Hein saß neben der jungen Königin und aß tapfer mit; als er aber auch im Trinken mithalten wollte, sagte die junge Königin: „Trink gefälligst Brunnenheimer, mein Junge; anderes verantworte ich heute nicht für dich. Du bist noch lange nicht Student und kannst froh sein, hier überhaupt geduldet zu werden.“
Hein schrieb es sich hinter die Ohren und benahm sich sehr still und manierlich. Als er seinen Klassengenossen Luten Möbius, den Sohn des Bürgermeisters, sah, wie er sich am Fenster die Nase flach drückte, um in den Saal zu spähen, da holte er ihn hinein.

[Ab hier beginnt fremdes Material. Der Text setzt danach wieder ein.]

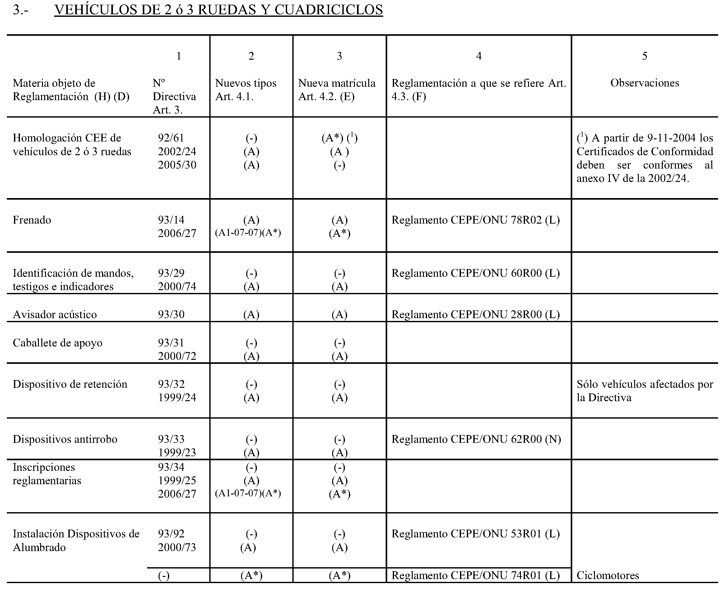 Imagen: /datos/imagenes/disp/2006/297/21817_015.png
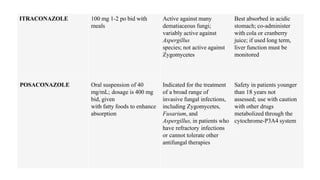 ITRACONAZOLE 100 mg 1-2 po bid with
meals
Active against many
dematiaceous fungi;
variably active against
Aspergillus
species; not active against
Zygomycetes
Best absorbed in acidic
stomach; co-administer
with cola or cranberry
juice; if used long term,
liver function must be
monitored
POSACONAZOLE Oral suspension of 40
mg/mL; dosage is 400 mg
bid, given
with fatty foods to enhance
absorption
Indicated for the treatment
of a broad range of
invasive fungal infections,
including Zygomycetes,
Fusarium, and
Aspergillus, in patients who
have refractory infections
or cannot tolerate other
antifungal therapies
Safety in patients younger
than 18 years not
assessed; use with caution
with other drugs
metabolized through the
cytochrome-P3A4 system
 
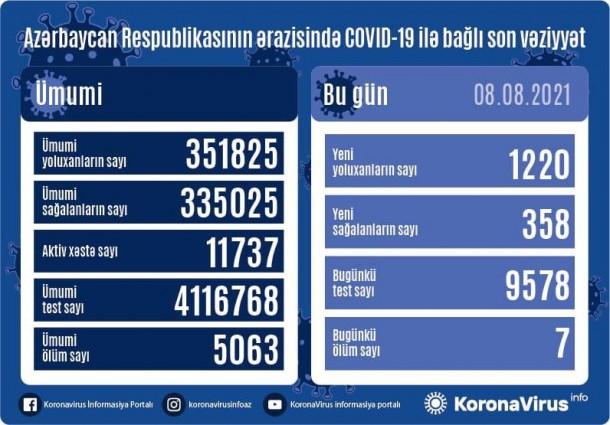 Azərbaycanda son sutkada koronavirusa yoluxanların sayı AÇIQLANDI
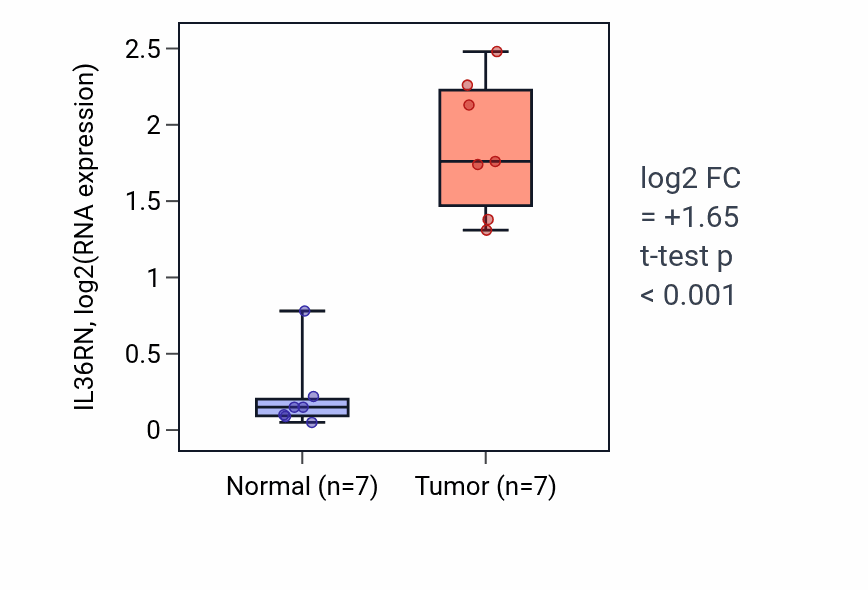 Tumor-vs-normal expression box plot for IL36RN in THCA.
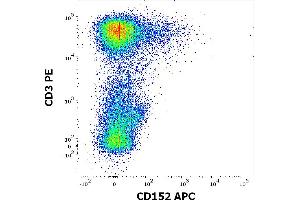 Flow cytometry multicolor surface staining of human PHA stimulated lymphocytes stained using anti-human CD152 (BNI3) APC antibody (10 μL reagent / 100 μL of peripheral whole blood) and anti-human CD3 (UCHT1) PE antibody (20 μL reagent / 100 μL of peripheral whole blood).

Sie hockten zusammen unter der Galerie, auf der die Stadtmusik gewaltigen Lärm vollführte, sahen dem bunten Treiben zu, und Luten sagte: „Wenn ich erst Student bin, denn tret ich auch in die Obotritia und zieh hier als König in meine Vaterstadt ein. Dann kannst du meine Königin sein, Hein; du wirst doch nie sehr groß und stämmig.“
„Da kannst lang auflungern, Jung. Ich geh zu See; ich wird mein Tag kein Stubenhocker. Ich muss mal Schiffsplanken unter den Füßen haben und Seewasser vor der Nase und en düchtigen Nordwest hinter mir, und denn — heidi — siehst mich woll! Dann durch die Ostsee und raus aus dem Kattegatt und rein ins Skagerrak, wo die Wellen gehörig tanzen, und denn durch ’n Kanal und rein ins Atlantische! Und da sollst mal sehen, wie einen der Wind schaukelt!“
„Na, ja, es mag ja auch ganz nett sein, aber ich werd’ doch lieber Jurist. Das ist hier in Mecklenburg noch das Sicherste, und als Bürgermeister oder Landrichter hat man immer sein Brot, sagt Vater.“
Da wurden sie durch den Bürgermeister in ihren Zukunftsplänen gestört, denn der kam heran und sagte: „Jungen, jetzt beginnt hier gleich die Tanzerei, und ihr geht nun am besten nach Hause. Du, Luten, nimmst den kleinen Rostocker mit dir; Mutter macht ihm ein Bett zurecht. Ich habe es seinem Bruder versprochen, dass er jetzt schlafen geht. Also gute Nacht!“
Diese Botschaft hörte Hein nicht gerne; doch er musste sich sagen, dass er immerhin schon Spaß genug angesehen hatte, und so zog er mit Luten Möbius in das bürgermeisterliche Haus. Als dann drüben im Tanzsaal die Geigen ertönten, als die junge Königin ihr seidenes Gewand von sich getan und sich in einen flotten Tänzer verwandelt hatte, lag er schon in den Kissen und schlief.